Tradionally buy-and-hold investors such as regional savings banks and insurance companies bought Schuldscheine. Their staple fare was mortgage Pfandbriefe from German banks. But with many of those German banks in the doghouse for the past two years — or tied up with long-running mergers that served to reduce the variety of issuers — these investors have wanted to diversify.
Corporate and sovereign borrowers offered the perfect solution. In the corporate sector, Schuldscheine have had an impressive two years, with deal sizes peaking at over Eu1bn in 2008 and deal numbers almost doubling this year.
But progress in the sovereign sector has also been strong, not only because of the typically high ratings but also the attractive spreads on offer.
Because of those spreads, the sovereign notes became more attractive to investors looking for a pick-up over German Federal State Schuldschein notes, the most common Schuldschein paper, which trade around 5bp-10bp over Euribor for a 10 year duration.

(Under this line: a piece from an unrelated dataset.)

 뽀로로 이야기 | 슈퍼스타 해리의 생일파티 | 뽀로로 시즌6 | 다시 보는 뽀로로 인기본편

Another attraction is that Schuldscheine can also be treated as loans and receivables or held-to-maturity assets not requiring mark to market valuations, therefore providing much desired stability for buyers.
Investors are willing to take these notes at a yield discount to the issuer’s benchmark curve, providing the borrower with a saving on its cost of funding, which in turn, makes Schuldschein especially attractive to borrowers keen to keep the cost of public debt down.

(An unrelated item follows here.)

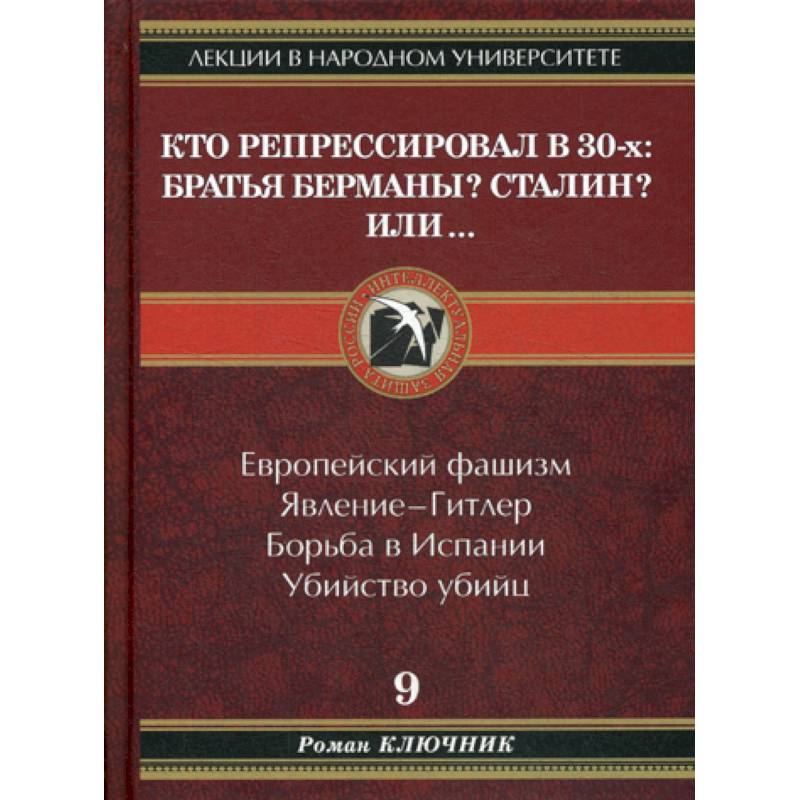 Кто репрессировал в 30-х: Братья Берманы? Сталин? Или..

But like in the MTN market, sovereigns are often unwilling to place a trade if the amount is too small to warrant the work involved, as funding teams are typically small, at least compared with those at supranationals and agencies.
"We’ve been approached about doing Schuldschein by two or three banks, but we are not authorised to do this kind of note," says Anne Leclercq, director of treasury and debt capital markets at the Belgian Debt Agency. "We want to be flexible and to diversify but it’s important to grow our activity in the private placement market gradually."
Poland has a minimum issuance size of €250m as do many others. Austria is the exception, and can be approached with €15m clips — a strategy that has won praise from dealers who hold it up as as a good example of how sovereigns should approach the Schuldschein market. Austria looks for a discount from its benchmark curve of between minus 8bp and minus 12bp for Schuldscheine.
But convincing other sovereigns of the benefits of Schuldscheine has not been straightforward, as there is a potential problem with public perception if sovereigns do off-screen, private trades. This is a concern for the larger benchmark issuing sovereigns who are anxious to be transparent to investors.
But the pick-up over Federal State Schuldschein is particularly prominent in the levels of the eastern European sovereigns. "Eastern European sovereigns are definitely a market that our investors are interested in," says Christoph Cremers, director and head of domestic sales/trading institutional sales for Germany and Austria at HSBC in London.
"Tapping the Schuldschein markets allows us to take advantage of a whole new investor base, and the reverse enquiry from German insurance companies has been strong," says Anna Suszynska, deputy director of the financial assets and liabilities department at the Polish finance ministry. "This year we decided that the interest had grown to such an extent that it was time to take advantage of the demand."
But how much longer this flurry in sovereign Schuldsheine will last is unclear. Because it is such a discreet market, it is hard to know how much is being traded. Dealers say interest in vanilla sovereign Schuldschein has already slowed as investors have been put off by tighter spreads.
But the structured Schuldschein market is stepping in as some southern European countries have this year traded CMS notes in Schuldschein format.
"It’s all about whether the issuer is set up to issue Schuldschein, and the size criteria as well — they’d need to be around €100m or larger," says a senior MTN dealer in London.
Other dealers say there is demand for lightly structured Schuldschein notes, but that issuers are unwilling or unable to sell complicated structures.
“There is a bid for European sovereigns to issue Schuldschein at the moment, especially for for lightly structured CMS products, but for various reasons these issuers are not keen to tap that demand,” says Julie Edinburgh, director, head of MTNs at Credit Suisse in London.
Dealers are unsure whether the increase in sovereign Schuldschein issuance this year will continue into next year, as its primary driver was the wider spreads. As investor confidence returns, buyers may be keen to move down the credit curve and back into financial institutions and riskier credits.